0

I have an input csv with a variable number of columns I'm trying to pull into a list. My test is parsing the input csv and creating a list with extra elements around the csv columns. What I would like to see is a list that contains only the csv elements, and I'm getting empty quoted elements as well. I need some help understanding what options to the csv reader I'm missing.

Example output:

$ python cond.py
opening conditions file  conditions.lst
parser  0  input line:
"string1:", "string1b,string1c,"
output list elements:
['string1:']
['', '']
['']
['string1b,string1c,']
[]

parser  1  input line:
"stringa:", "stringb,stringc,"
output list elements:
['stringa:']
['', '']
['']
['stringb,stringc,']
[]

parser  2  input line:
"string3:", "string3next=abc", "string3b","string3c:", "string3d"
output list elements:
['string3:']
['', '']
['']
['string3next=abc']
['', '']
['']
['string3b']
['', '']
['string3c:']
['', '']
['']
['string3d']
[]

Input file:

$ cat conditions.lst
"string1:", "string1b,string1c,"
"stringa:", "stringb,stringc,"
"string3:", "string3next=abc", "string3b","string3c:", "string3d"

Python cond.py file:

$ cat cond.py

from __future__ import print_function
#from csv import reader

import re
import sys
import csv

# variables

conditionsFile = "conditions.lst"
parserConditions = []
numOfParsers = 0


print("opening conditions file ", conditionsFile)
with open(conditionsFile, "r") as cf:
  for line in cf:
    print("parser ", numOfParsers, " input line:")
    print(line.strip())

    r = csv.reader(line, quotechar='"', delimiter=',', quoting=csv.QUOTE_ALL, skipinitialspace=True)
    print("output list elements:")
    for cline in  r:
      print(cline)

    numOfParsers = numOfParsers + 1
    print("")

  print("total number of parsers: ", numOfParsers)

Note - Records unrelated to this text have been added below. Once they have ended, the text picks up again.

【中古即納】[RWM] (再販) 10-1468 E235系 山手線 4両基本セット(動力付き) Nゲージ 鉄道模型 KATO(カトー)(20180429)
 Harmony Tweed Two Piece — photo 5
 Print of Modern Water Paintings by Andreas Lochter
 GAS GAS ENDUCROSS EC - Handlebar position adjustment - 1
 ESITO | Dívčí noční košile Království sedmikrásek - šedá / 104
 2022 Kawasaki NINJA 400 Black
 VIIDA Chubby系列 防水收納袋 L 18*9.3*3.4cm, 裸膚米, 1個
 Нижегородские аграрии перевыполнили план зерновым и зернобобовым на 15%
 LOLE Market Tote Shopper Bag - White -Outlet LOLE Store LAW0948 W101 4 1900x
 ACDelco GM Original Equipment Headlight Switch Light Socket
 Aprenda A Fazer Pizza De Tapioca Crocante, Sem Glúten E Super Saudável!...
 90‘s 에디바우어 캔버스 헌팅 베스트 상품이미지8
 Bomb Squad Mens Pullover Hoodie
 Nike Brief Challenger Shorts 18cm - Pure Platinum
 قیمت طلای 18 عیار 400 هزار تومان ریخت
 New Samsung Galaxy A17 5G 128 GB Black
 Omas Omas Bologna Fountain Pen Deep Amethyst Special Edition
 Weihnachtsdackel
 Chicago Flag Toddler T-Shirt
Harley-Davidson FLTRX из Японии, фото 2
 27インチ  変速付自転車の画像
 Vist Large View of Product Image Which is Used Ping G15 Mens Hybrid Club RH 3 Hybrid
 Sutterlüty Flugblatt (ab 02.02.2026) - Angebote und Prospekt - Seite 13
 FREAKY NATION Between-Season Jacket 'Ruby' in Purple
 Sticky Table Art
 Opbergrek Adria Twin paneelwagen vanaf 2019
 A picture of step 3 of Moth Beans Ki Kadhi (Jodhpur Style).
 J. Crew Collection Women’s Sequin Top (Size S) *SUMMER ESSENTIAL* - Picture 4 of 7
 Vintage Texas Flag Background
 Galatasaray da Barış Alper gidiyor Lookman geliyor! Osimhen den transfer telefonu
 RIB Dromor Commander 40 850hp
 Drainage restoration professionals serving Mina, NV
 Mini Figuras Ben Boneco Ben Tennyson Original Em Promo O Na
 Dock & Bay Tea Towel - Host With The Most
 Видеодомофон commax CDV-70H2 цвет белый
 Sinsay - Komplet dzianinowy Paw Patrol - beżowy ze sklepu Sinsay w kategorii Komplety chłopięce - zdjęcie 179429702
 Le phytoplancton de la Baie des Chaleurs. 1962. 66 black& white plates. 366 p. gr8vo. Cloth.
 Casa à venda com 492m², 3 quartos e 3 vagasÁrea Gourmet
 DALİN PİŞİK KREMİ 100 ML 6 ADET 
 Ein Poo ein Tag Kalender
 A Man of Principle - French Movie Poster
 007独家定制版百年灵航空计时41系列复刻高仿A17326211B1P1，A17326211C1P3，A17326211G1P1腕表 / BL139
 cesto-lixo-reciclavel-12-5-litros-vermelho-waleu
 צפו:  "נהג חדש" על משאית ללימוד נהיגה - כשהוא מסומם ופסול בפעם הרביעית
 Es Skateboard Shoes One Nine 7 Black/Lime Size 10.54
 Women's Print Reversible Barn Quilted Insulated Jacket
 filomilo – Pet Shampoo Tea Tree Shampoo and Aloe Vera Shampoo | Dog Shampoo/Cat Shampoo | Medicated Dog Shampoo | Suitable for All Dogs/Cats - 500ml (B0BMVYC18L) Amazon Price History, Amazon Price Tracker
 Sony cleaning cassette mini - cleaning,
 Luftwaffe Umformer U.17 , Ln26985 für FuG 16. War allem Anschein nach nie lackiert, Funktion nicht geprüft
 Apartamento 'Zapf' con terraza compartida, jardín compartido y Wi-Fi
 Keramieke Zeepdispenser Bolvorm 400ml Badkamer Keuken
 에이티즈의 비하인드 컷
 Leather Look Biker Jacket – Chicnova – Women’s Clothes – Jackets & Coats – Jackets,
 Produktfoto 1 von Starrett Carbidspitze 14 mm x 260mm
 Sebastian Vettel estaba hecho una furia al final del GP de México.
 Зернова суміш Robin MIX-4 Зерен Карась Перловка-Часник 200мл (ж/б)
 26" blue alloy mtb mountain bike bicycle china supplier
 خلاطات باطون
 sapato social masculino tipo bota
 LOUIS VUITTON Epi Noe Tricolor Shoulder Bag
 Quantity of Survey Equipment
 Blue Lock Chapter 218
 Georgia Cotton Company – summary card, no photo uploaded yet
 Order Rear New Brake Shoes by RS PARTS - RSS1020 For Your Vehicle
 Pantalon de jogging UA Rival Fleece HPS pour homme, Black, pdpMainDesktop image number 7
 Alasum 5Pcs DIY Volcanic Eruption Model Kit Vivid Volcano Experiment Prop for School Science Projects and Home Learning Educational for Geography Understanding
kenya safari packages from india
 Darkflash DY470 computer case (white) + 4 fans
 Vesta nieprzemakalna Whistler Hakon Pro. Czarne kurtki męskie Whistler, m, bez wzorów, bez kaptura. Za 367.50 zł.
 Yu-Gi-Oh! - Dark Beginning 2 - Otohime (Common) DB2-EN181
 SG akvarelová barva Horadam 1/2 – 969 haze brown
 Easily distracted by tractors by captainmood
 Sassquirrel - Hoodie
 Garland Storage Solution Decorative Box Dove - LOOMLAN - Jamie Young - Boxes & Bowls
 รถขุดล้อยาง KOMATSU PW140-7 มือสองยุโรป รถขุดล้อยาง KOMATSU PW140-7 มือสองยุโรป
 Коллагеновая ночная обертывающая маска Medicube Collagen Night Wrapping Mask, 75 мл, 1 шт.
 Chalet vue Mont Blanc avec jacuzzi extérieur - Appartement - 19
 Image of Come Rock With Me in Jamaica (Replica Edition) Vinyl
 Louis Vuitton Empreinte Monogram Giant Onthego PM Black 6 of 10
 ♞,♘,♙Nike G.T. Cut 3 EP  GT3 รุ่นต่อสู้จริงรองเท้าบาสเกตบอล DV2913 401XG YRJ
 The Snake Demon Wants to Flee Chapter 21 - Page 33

Update: Using help from @Jean-FrançoisFabre I haven't solved the root reason but have got a workaround - I put the csv elements into a list then remove the blank elements.

for cline in  r:
  conditions.extend(cline)

conditions = filter(None, conditions)
print(conditions)
  • because you've written your csv with "w" mode not "wb" – Jean-François Fabre Dec 05 '18 at 20:23
  • Possible duplicate of [CSV file written with Python has blank lines between each row](https://stackoverflow.com/questions/3348460/csv-file-written-with-python-has-blank-lines-between-each-row) – Jean-François Fabre Dec 05 '18 at 20:24
  • @Jean-FrançoisFabre thanks - that's a valuable hint. The csv is generated by another Linux process, is there a way I should be reading it in my python script? – Allen Pomeroy Dec 05 '18 at 20:28
  • well, you could just ignore the blank rows. – Jean-François Fabre Dec 05 '18 at 20:28
  • @Jean-FrançoisFabre .. immediately I can do that, just add a check for elements that are blank and skip them, but since the input file only has \n separating the lines, I'm still confused at the csv reader behavior (did an od -c on the input file) – Allen Pomeroy Dec 05 '18 at 20:36

1 Answers1

0

csv.reader takes a file-like object not a string...so it is iterating strangely over the characters of a line instead of the lines of a file. You just need:

from __future__ import print_function
import csv

with open('conditions.lst','rb') as cf:
    r = csv.reader(cf,skipinitialspace=True)
    for line in r:
        print(line)

Output:

['string1:', 'string1b,string1c,']
['stringa:', 'stringb,stringc,']
['string3:', 'string3next=abc', 'string3b', 'string3c:', 'string3d']
Mark Tolonen
  • 166,664
  • 26
  • 169
  • 251